Bundesdatenschutzgesetz

Novelle zum 1. September 2009

Seit 1. September 09 gelten im Bundesdatenschutzgesetz (BDSG) u.a. neue Bestimmungen bei Datenpannen. Insgesamt wurden 18 Paragraphen geändert oder ergänzt.

Aktuelle Meldung: Die BDSG-Novelle lässt die Anzahl der Datenschutz-Verletzungen in 2009 um 350 % steigen. 2/3 der Meldungen allein im letzten Quartal! (Zur Meldung auf IT-Business....)

Aus USA und GB kennen wir bereits  Veröffentlichungen von Datenpannen mit den entsprechenden Folgen für die betroffenen Unternehmen. So hat z.B. eine Datenpanne im britischen Gesundheitssystem (NHS) zu sofortigen massiven Nachbesserungen der internen IT-Security und u.a. zum flächendeckenden Einsatz von SafeStick geführt. Durch die Neuerungen im BDSG sind Veröffentlichungen über Datenpannen nun auch in Deutschland zu erwarten.

Die neuen Regelungen bewirken, dass Unternehmen und Behörden im Falle von Sicherheitspannen eine Benachrichtigungspflicht gegenüber der Datenschutzbehörde und den Betroffenen haben.

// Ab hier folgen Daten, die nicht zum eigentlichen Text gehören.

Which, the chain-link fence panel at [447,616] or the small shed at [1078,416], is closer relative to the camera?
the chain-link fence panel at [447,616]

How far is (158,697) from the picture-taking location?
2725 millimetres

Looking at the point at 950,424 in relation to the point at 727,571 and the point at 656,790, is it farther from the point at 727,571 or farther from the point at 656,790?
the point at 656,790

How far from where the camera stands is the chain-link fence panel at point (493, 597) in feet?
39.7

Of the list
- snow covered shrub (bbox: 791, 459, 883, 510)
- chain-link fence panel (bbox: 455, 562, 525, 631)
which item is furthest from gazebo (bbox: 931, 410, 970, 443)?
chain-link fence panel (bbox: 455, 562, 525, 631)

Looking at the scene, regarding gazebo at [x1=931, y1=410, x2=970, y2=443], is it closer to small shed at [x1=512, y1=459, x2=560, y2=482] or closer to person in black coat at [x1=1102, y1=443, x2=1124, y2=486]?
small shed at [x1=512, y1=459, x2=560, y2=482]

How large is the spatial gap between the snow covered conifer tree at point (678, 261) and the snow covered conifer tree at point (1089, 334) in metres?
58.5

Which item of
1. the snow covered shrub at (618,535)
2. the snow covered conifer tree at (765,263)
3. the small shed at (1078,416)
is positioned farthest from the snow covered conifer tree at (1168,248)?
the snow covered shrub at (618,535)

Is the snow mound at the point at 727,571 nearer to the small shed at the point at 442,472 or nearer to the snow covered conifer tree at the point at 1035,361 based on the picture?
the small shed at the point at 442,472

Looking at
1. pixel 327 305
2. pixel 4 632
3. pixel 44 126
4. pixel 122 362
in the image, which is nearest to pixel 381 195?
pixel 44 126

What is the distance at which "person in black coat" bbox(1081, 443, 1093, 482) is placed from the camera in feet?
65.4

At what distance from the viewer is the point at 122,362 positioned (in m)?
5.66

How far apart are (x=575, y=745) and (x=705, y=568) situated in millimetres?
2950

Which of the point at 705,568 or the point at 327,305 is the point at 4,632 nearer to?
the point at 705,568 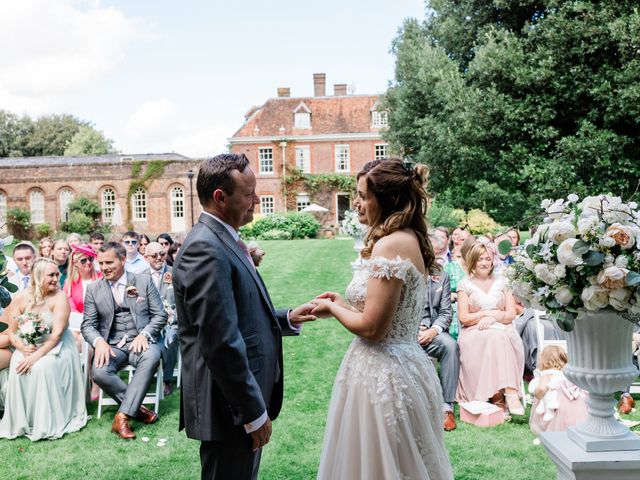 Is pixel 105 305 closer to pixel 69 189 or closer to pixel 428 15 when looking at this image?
pixel 428 15

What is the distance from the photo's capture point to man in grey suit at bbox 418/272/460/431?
5.70 metres

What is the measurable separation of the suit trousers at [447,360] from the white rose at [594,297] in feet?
10.8

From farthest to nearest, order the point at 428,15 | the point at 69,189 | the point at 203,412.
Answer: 1. the point at 69,189
2. the point at 428,15
3. the point at 203,412

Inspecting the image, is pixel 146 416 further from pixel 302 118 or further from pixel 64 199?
pixel 64 199

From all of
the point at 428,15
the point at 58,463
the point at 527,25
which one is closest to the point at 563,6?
the point at 527,25

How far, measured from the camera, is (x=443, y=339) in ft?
19.5

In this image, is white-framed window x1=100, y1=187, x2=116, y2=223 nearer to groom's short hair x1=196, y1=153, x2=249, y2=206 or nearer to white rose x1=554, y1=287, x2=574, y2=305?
groom's short hair x1=196, y1=153, x2=249, y2=206

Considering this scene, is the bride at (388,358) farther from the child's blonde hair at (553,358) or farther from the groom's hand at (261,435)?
the child's blonde hair at (553,358)

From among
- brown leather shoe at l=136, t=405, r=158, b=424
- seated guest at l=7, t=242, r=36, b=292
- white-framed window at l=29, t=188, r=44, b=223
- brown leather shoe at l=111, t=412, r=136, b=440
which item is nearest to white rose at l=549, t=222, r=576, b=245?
brown leather shoe at l=111, t=412, r=136, b=440

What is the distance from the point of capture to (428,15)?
1934 cm

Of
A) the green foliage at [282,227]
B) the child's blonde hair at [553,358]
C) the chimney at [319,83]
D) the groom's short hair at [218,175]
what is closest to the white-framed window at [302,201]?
the green foliage at [282,227]

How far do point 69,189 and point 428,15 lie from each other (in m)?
29.4

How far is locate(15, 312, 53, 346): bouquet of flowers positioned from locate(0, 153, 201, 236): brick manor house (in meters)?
33.8

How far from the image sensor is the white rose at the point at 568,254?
2.62m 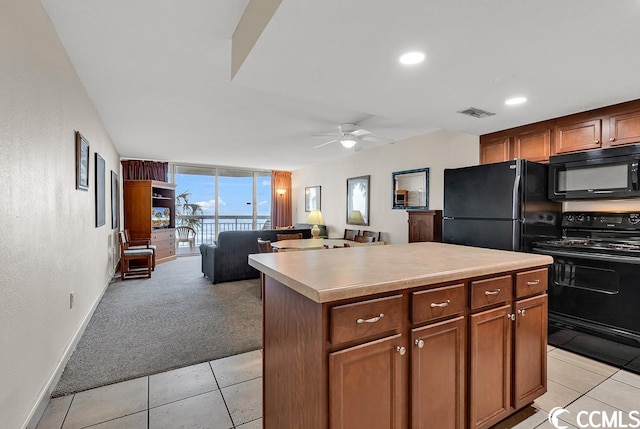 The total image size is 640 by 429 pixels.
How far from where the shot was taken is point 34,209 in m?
1.73

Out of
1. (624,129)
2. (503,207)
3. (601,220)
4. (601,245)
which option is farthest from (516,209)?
(624,129)

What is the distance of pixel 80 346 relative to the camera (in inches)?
106

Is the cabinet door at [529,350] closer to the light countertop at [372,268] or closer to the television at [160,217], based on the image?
the light countertop at [372,268]

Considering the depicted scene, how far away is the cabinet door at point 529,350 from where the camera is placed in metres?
1.76

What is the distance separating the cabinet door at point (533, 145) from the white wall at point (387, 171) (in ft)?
1.77

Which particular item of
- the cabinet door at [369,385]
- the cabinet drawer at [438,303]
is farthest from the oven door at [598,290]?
the cabinet door at [369,385]

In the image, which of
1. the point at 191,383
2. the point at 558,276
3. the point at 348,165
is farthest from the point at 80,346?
the point at 348,165

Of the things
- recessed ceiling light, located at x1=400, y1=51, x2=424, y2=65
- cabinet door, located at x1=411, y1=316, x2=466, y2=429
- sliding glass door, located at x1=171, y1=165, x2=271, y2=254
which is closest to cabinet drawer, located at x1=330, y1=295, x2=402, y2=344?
cabinet door, located at x1=411, y1=316, x2=466, y2=429

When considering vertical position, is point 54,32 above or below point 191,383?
above

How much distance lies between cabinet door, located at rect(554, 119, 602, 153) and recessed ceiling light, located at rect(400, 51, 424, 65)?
2161 millimetres

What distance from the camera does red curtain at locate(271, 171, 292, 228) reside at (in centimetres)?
929

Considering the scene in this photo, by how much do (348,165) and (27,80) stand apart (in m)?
5.67

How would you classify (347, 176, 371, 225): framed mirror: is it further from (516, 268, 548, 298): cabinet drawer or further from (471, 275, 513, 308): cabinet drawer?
(471, 275, 513, 308): cabinet drawer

Folgende neue Regelungen sind u.a. interessant:

Der §42a BDSG regelt u.a., dass Unternehmen verpflichtet sind, bei bestimmten Arten von Sicherheitspannen, sowohl die zuständige Datenschutzbehörde als auch die natürlichen Personen zu informieren, die von der Sicherheitspanne betroffen sind. Die Benachrichtigungspflicht besteht immer dann, wenn bestimmte Arten von personenbezogenen Daten unrechtmäßig übermittelt oder auf sonstige Weise einem Dritten unrechtmäßig zur Kenntnis gelangt sind, mit jeweils schwerwiegenden Beeinträchtigungen für die Rechte oder schutzwürdigen Interessen der Betroffenen.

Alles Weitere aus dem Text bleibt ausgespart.